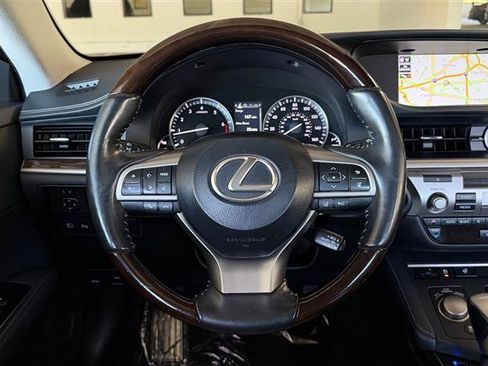 Used 2018 Lexus ES 350 w/ Navigation System Package FWD image 29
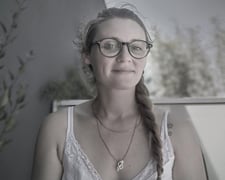 Portrait en noir et blanc de l'artiste Eva Girardeau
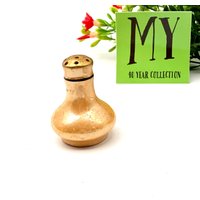 Vintage Miniatur Lusterware Handbemalte Pfirsich Gold Irisierende Salz Oder Pfefferstreuer Nur Winzige Glänzende Korallen Tonstreuer von My40YearCollection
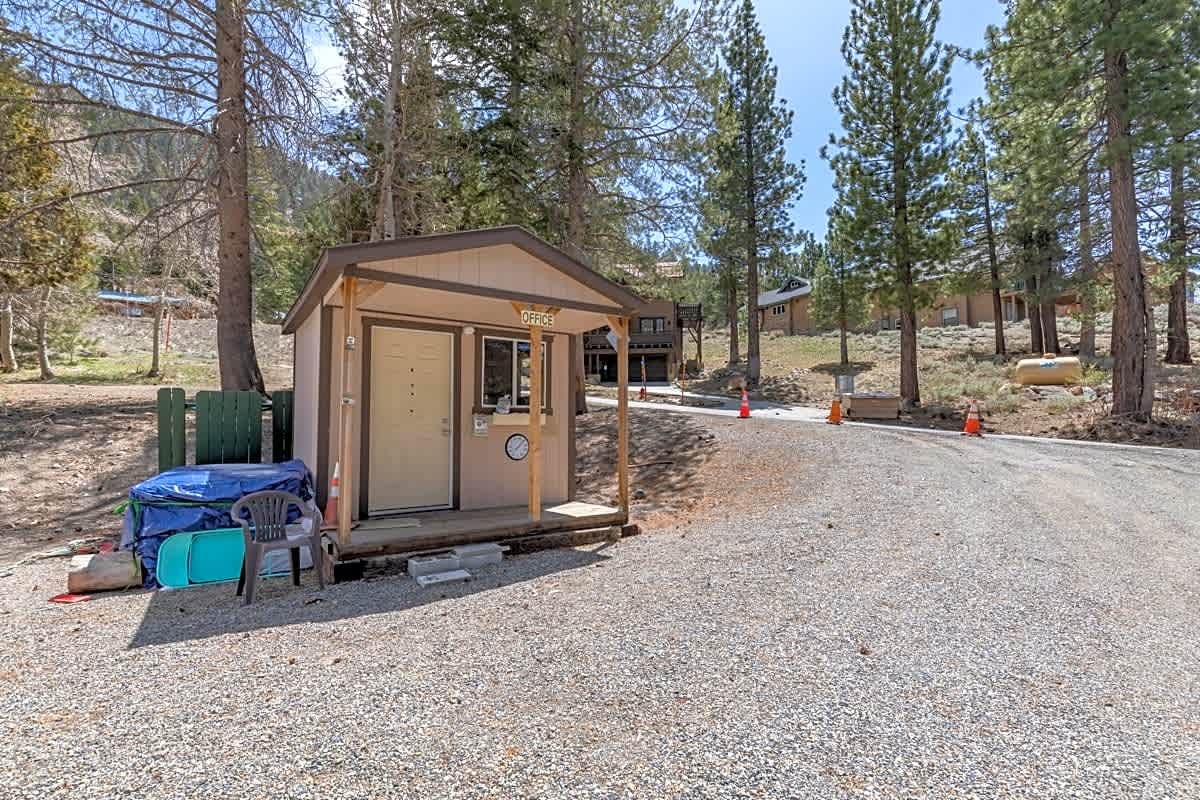 Golden Pine RV Park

# # # # #

» PROBLEM TO WORK ON: Restate each line of the material word for word, skipping any picture.

» EXERCISE RESULT:
 Used 2018 Lexus ES 350 w/ Navigation System Package FWD image 29
 Portrait en noir et blanc de l'artiste Eva Girardeau
 Vintage Miniatur Lusterware Handbemalte Pfirsich Gold Irisierende Salz Oder Pfefferstreuer Nur Winzige Glänzende Korallen Tonstreuer von My40YearCollection
 Golden Pine RV Park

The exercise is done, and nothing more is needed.